Ecological adaptation of Reaumuria soongorica root system architecture to arid environments

The architectural parameters of Reaumuria soongorica root system in different habitats of Gansu Province, China were analyzed to examine its ecological adaptability to arid environments. Results show that: (1) Topological indices of R. Soongorica root system are small in all habitats, and root branching pattern tends to be dichotomous. Also, the indices gradually increase in the Minqin windblown sand region and the Zhangye Gobi region in Hexi Corridor, which indicates that drought tends to produce herringbone-like root branching patterns. (2) Fractal dimension values of R. Soongorica root system are small and not obvious in the Minqin windblown sand region and the Zhangye Gobi region in Hexi Corridor, with values of 1.1778 and 1.1169, respectively. Fractal dimension values are relatively large in Jiuzhoutai semi-arid hilly and gully region of the Loess Plateau, which indicates that the R. Soongorica root system has better fractal characteristics in this region than in the other regions. (3) Total branching ratios of the R. Soongorica root system in arid regions of Hexi Corridor are smaller than that in the Jiuzhoutai semi-arid hilly and gully region of the Loess Plateau. This shows that root branching ability in the semi-arid region is stronger, and it decreases to some degree with increased drought. (4) The root connection lengths of R. soongorica root system are long in all habitats, but there are significant length differences between the different habitats. The root connection length at the Minqin windblown sand region is the longest.
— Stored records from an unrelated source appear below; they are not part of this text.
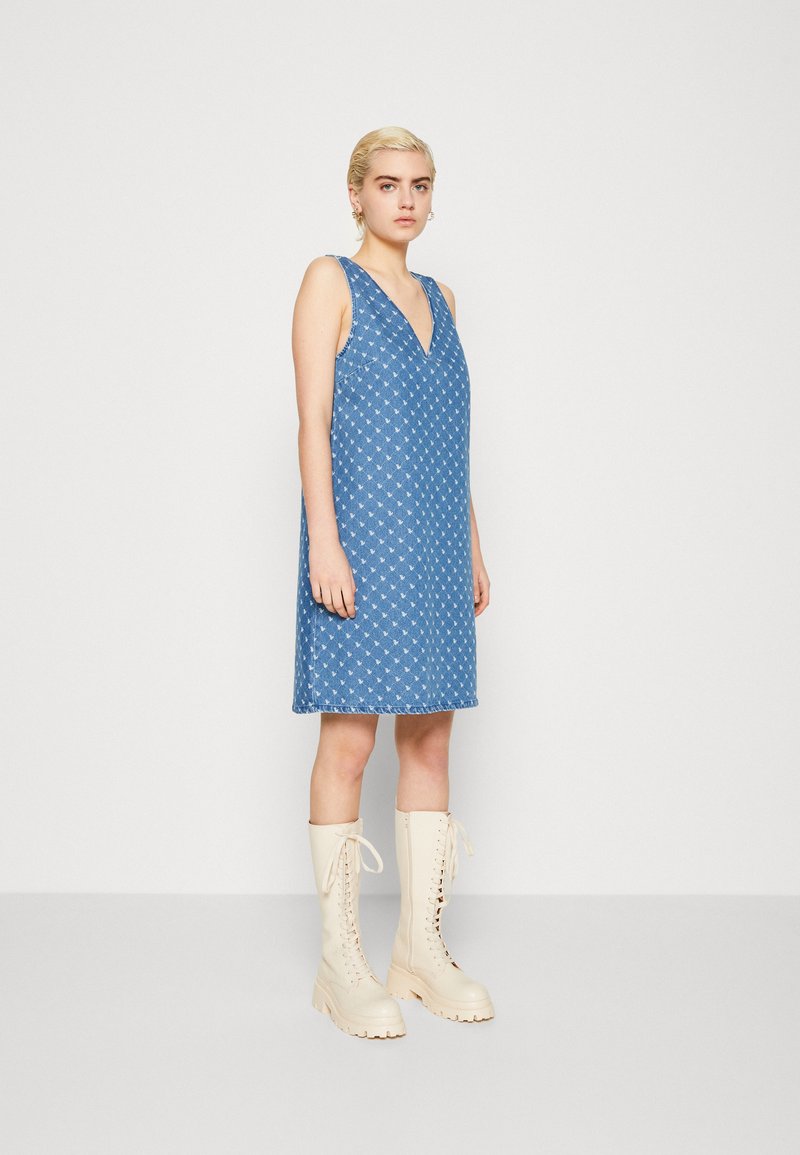 Pieces denim skjorta PCNURSEL - Bright White Black Zebra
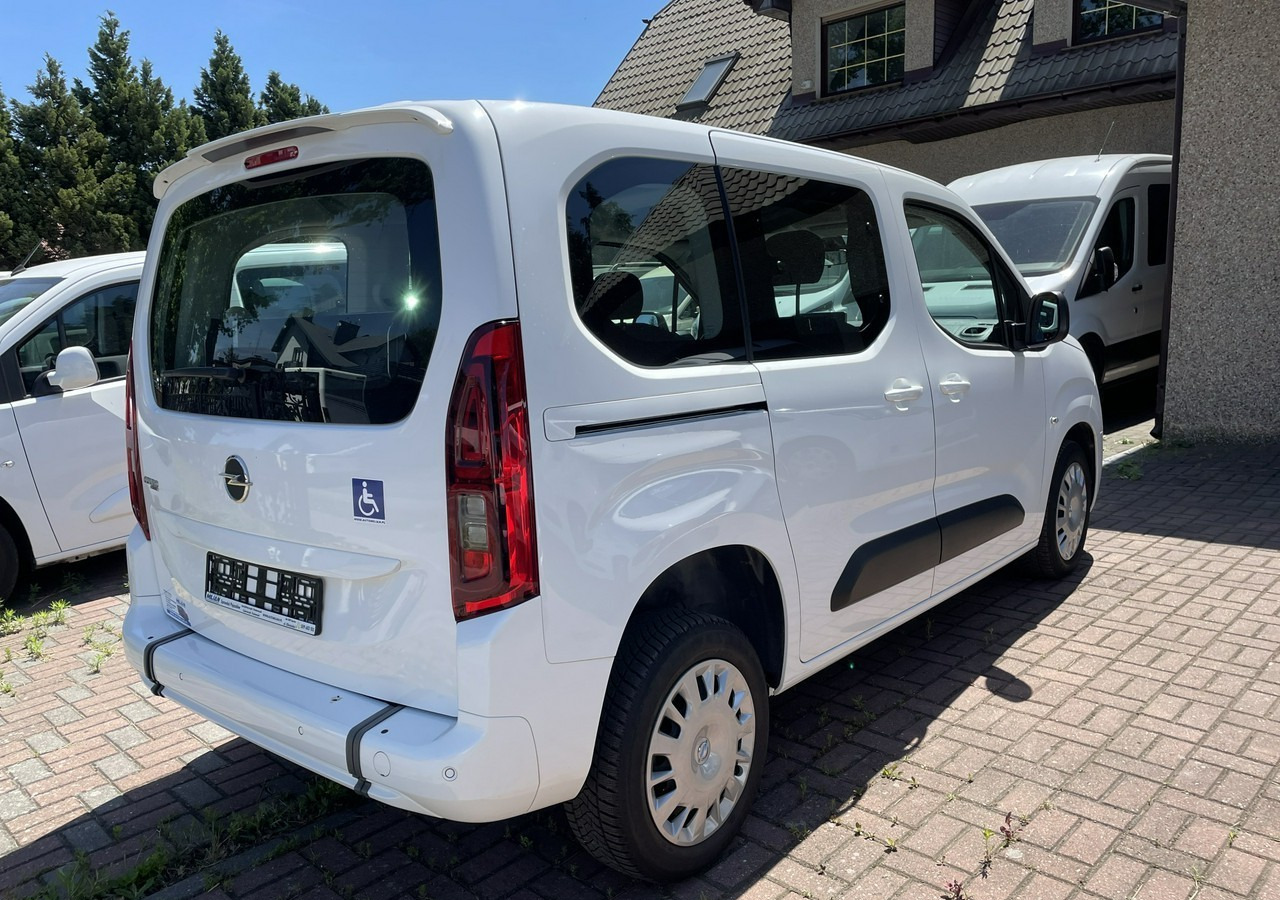 Opel Combo IV Opel Combo Life Niepełnosprawnych inwalida Rampa 32105 km Model 2022 - Autovettura: foto 4 Opel Combo IV Opel Combo Life Niepełnosprawnych inwalida Rampa 32105 km Model 2022 - Autovettura: foto 4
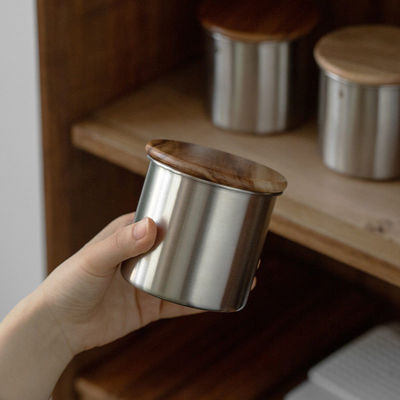 Кухня должна иметь современный стальной кофейный бак с деревянным крышкой с запечатанным вакуумом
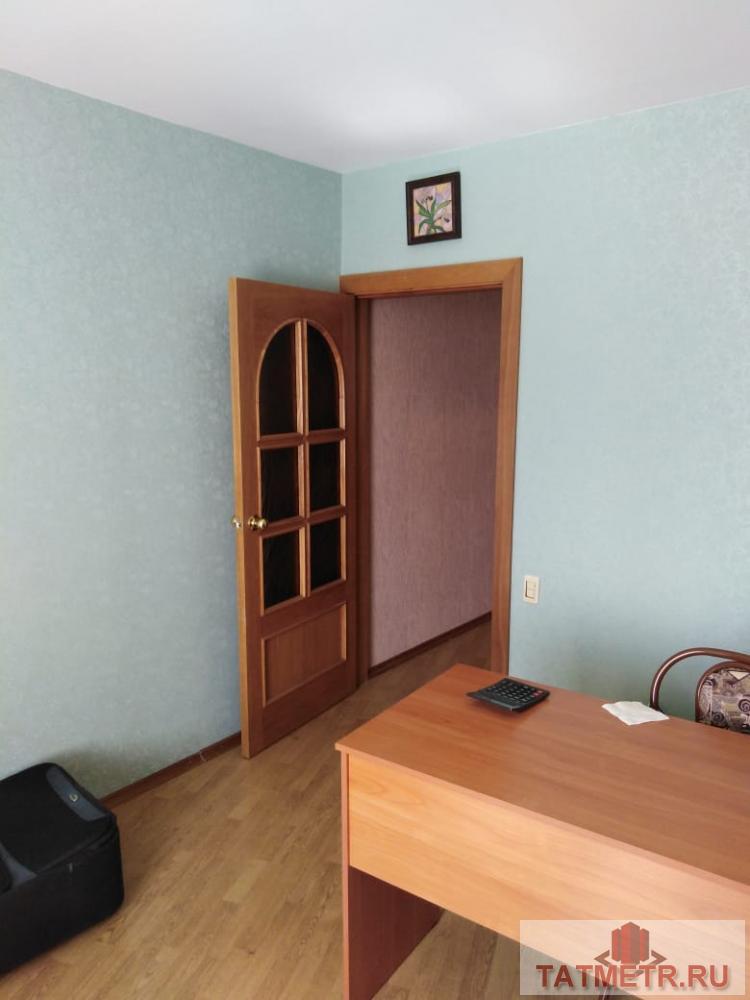 Сдается чистая, просторная 3-комнатная квартира в кирпичном доме, расположенном в оживленном районе города Казани.... - 12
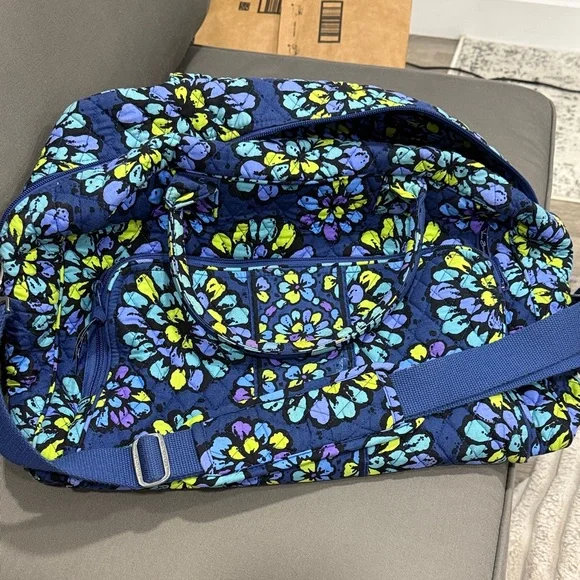 Vera Bradley Blue Floral Travel Bag - Picture 2 of 5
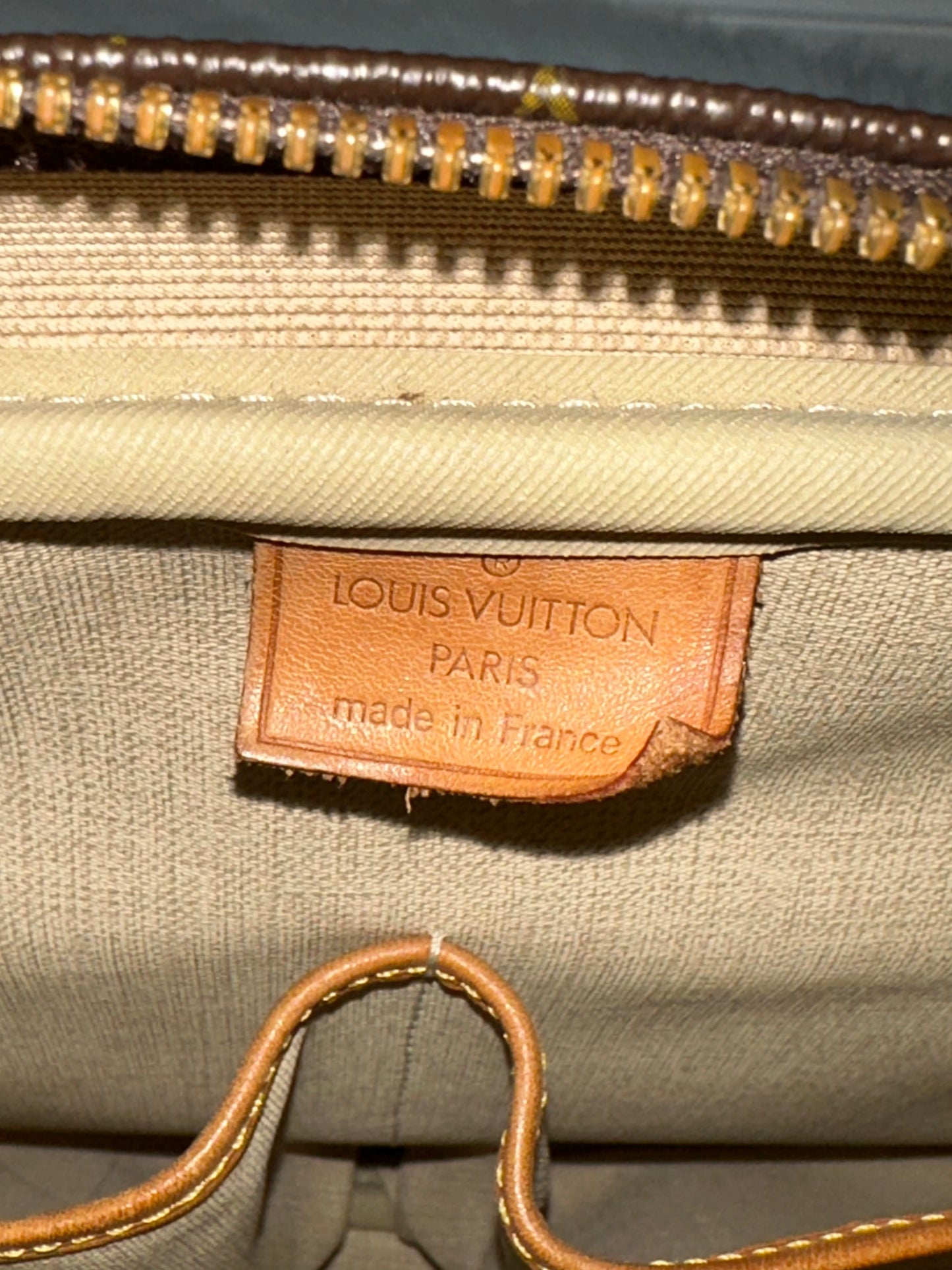 Pre-owned Authentic Louis Vuitton Deauville Monogram Handbag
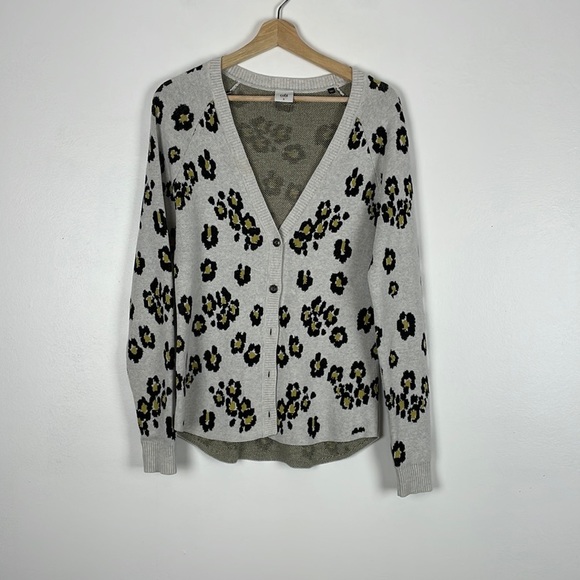 CAbi Sweaters - Cabi long sleeve button down V neck animal print cardigan sweater Size Small
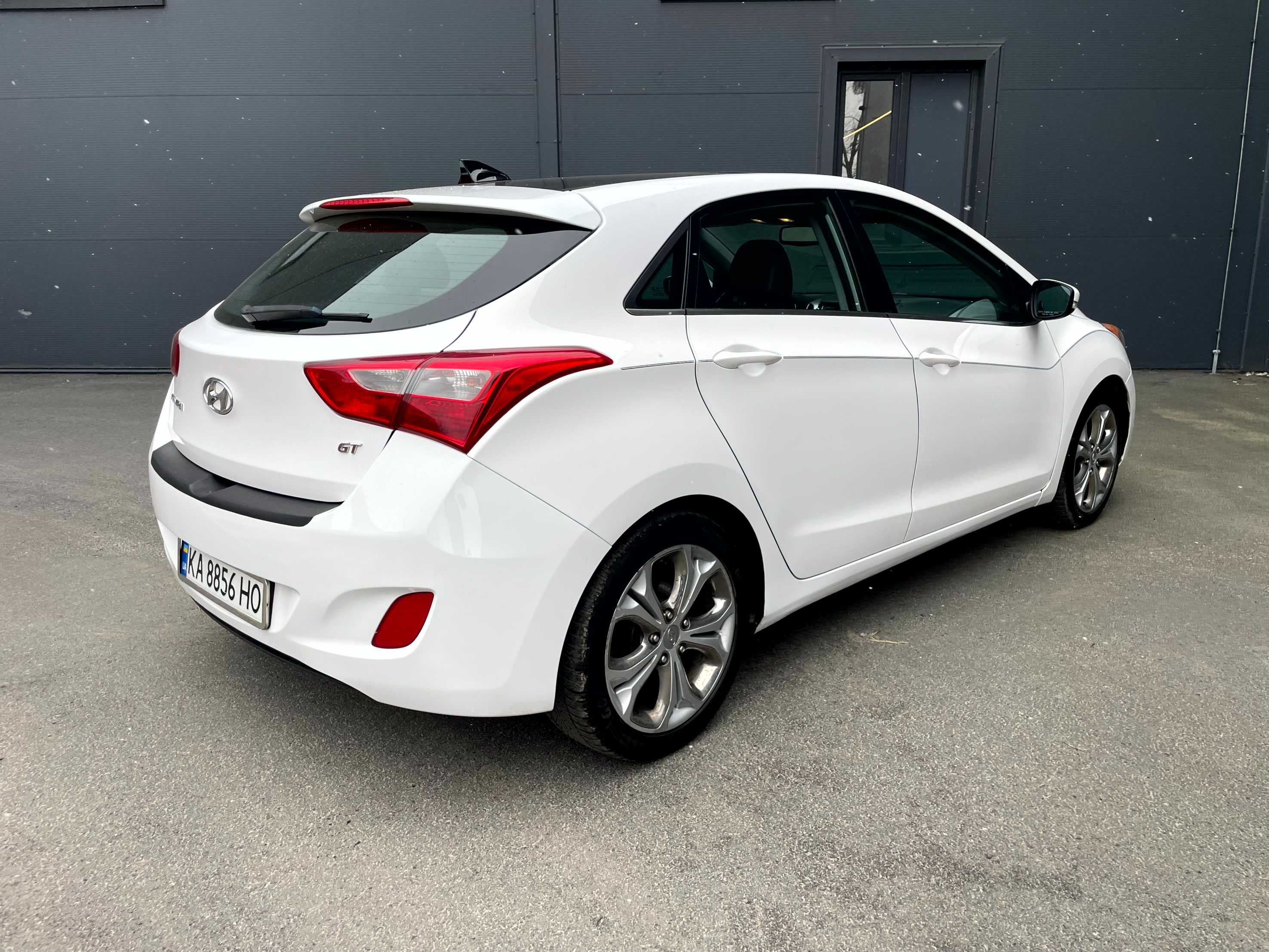 Hyundai Elantra GT 2013 1.8 газ/бензин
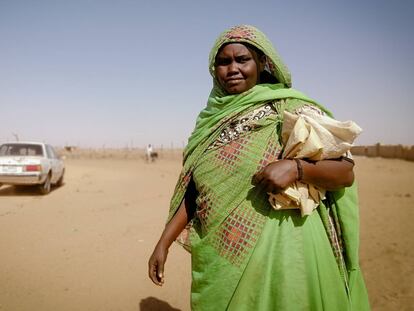 Mashair se dirige a trabajar en su puesto del mercado de Omdurman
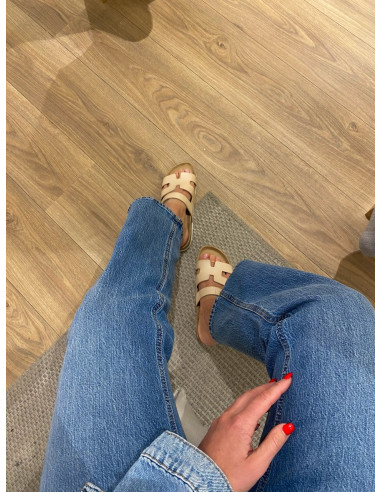 Duffy sandal slip in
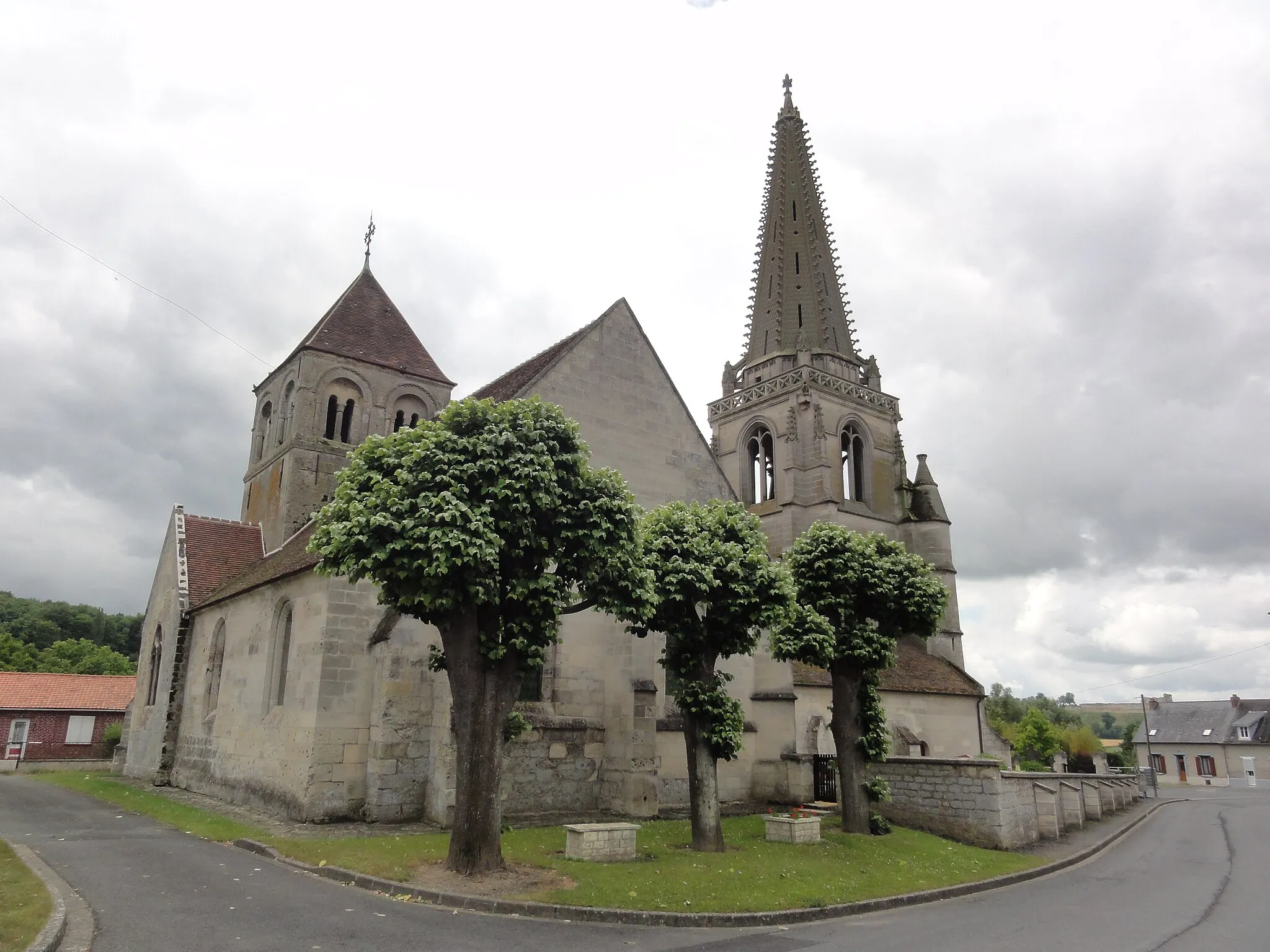 Photo showing: Coucy-la-Ville (Aisne) église
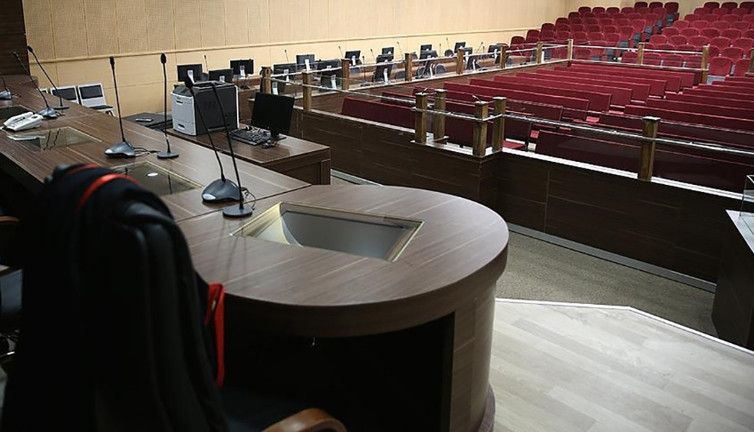 Sağlık çalışanlarına hakarete 15 yıl hapsi istendi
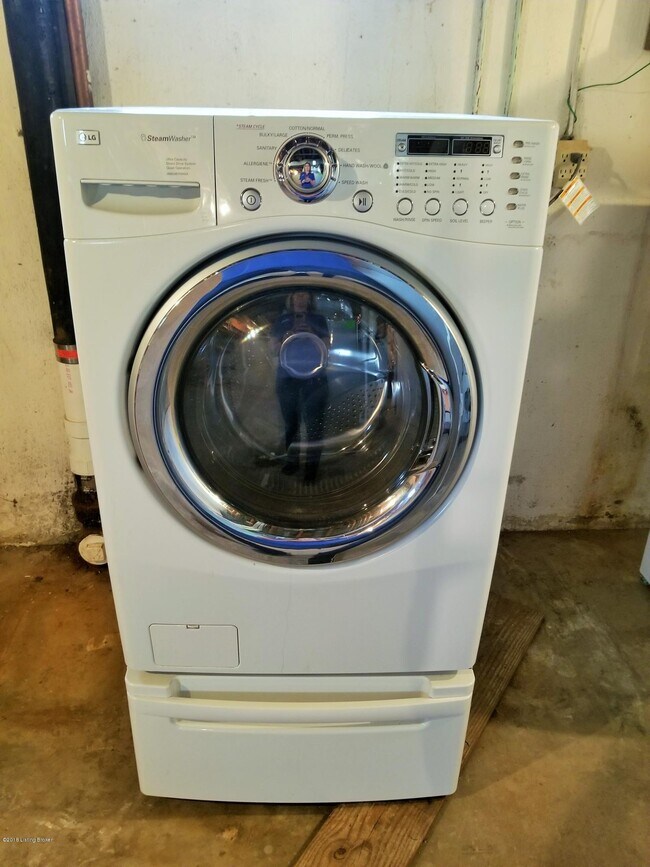 Building Photo - 8203 Camberley Dr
It is concluded that R. soongorica adapts to arid environments by decreasing root branching, decreasing root overlap and increasing root connection length, which makes its root branching pattern tend to be herringbone-like to reduce competition in root internal environment for nutrients and to enhance root absorption rate of nutrients, and ensure effective nutrition space. Thus the roots can absorb enough water and nutrients in resource-poor settings to ensure normal physiological requirements.